Solved – Is the PLS-DA approach for categorical variables the same as that used for PLS regression

classificationmachine learningpartial least squaresregression

I understand the approach used for partial least squares for regression (PLS regression) where the PLS components are chosen such that the correlation between the scores of the PLS components of the independent variables and the scores of PLS components of the dependent variables is maximized.

I understand the approach for regression when the dependent variables are continuous. In case the dependent variable is categorical then I learned that the approach is termed partial least squares discriminant analysis (PLS-DA). Is that true?

Is it the same thought process as in PLS regression, except that in PLS-DA the dependent variable would have just two values (for binary classification) and we still go ahead and maximize the covariances across two sets of PLS components?

Best Answer

Yes. PLS-DA is basically PLS regression where Y consists of categorical variables. Here is an example of Y matrix with 3 groups each consists of 2 samples (the first row is headers and is not involved in calculations).

Example of Y matrix for PLS-DA

After applying PLS-DA you can obtain a BETA matrix (if you are using SIMPLS algorithm, for example) whose number of columns equals to the number of groups for 2+ groups.
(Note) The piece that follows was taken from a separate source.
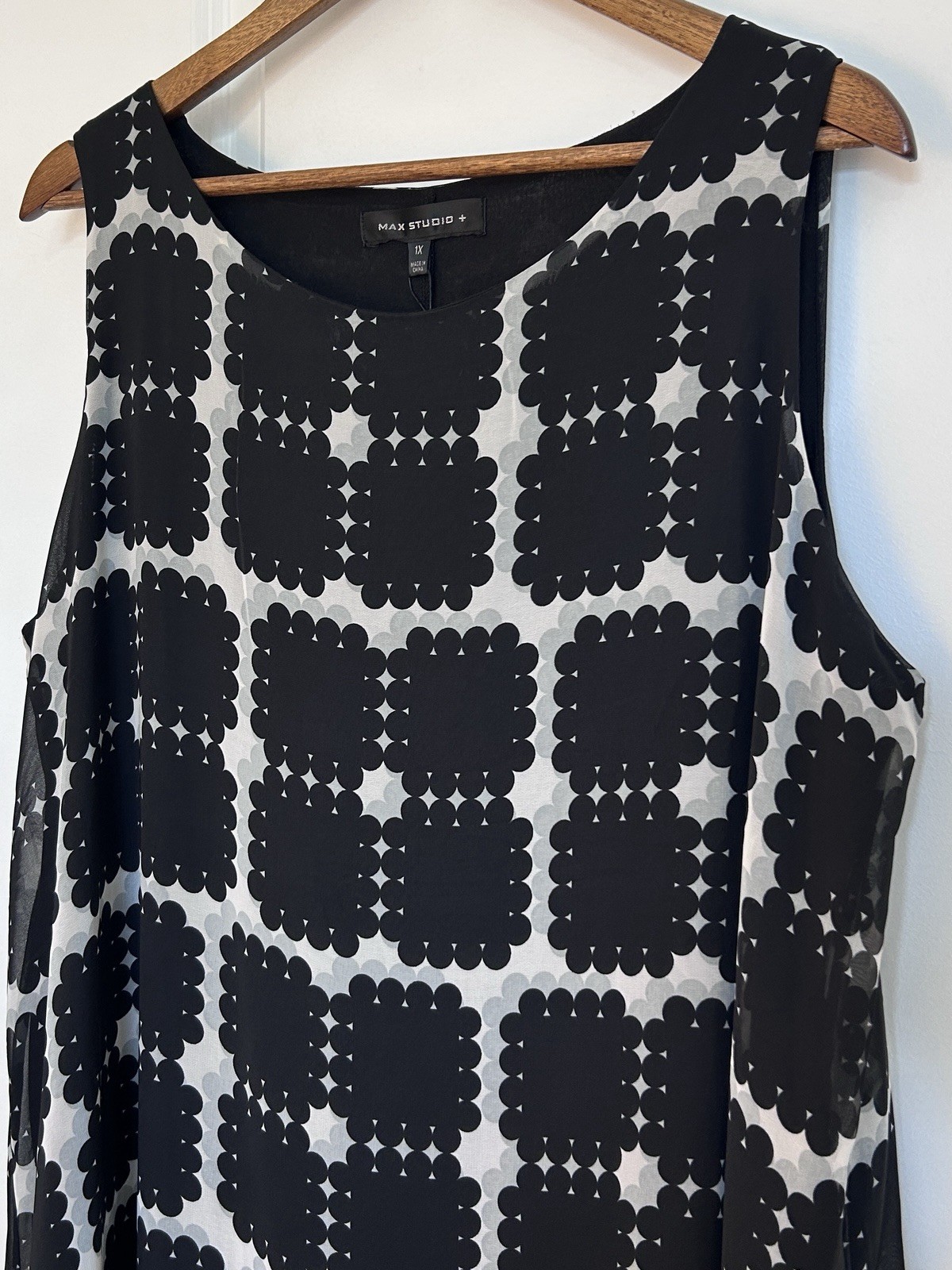Max Studio 1X Black White Geometric Dress Sleeveless Shift Tunic Flowy $128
There are, however, few differences of PLS-DA from logistic regression and some other classification methods. The predicted Y values might get out of the 0 to 1 range. So you may find values such as 1.1 and -0.3 etc...
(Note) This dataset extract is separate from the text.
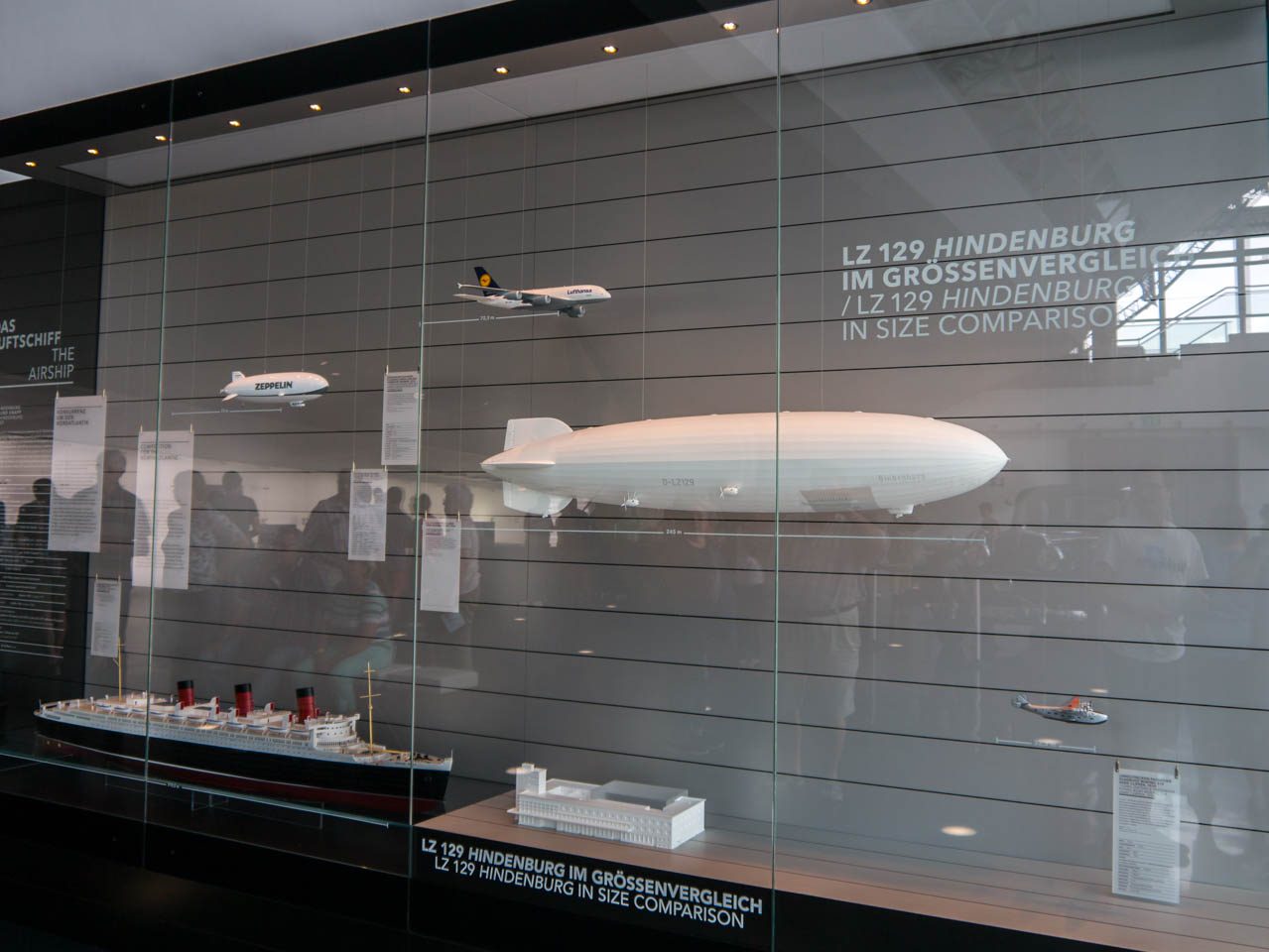 Im Zeppelin Museum Friedrichshafen Wird Die Hindenburg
Another property of PLS-DA is the sum of the predicted Y values in row is always equal to 1.

Assigning predicted samples to a group can be done in several ways. The most common one is assignation of the sample to the group having the highest value. An alternative approach (Bayesian) is fitting a normal distribution to the predictions of the training set and finding the threshold that minimizes the classification error. The samples, then, can be assigned to the group whose threshold value is exceeded.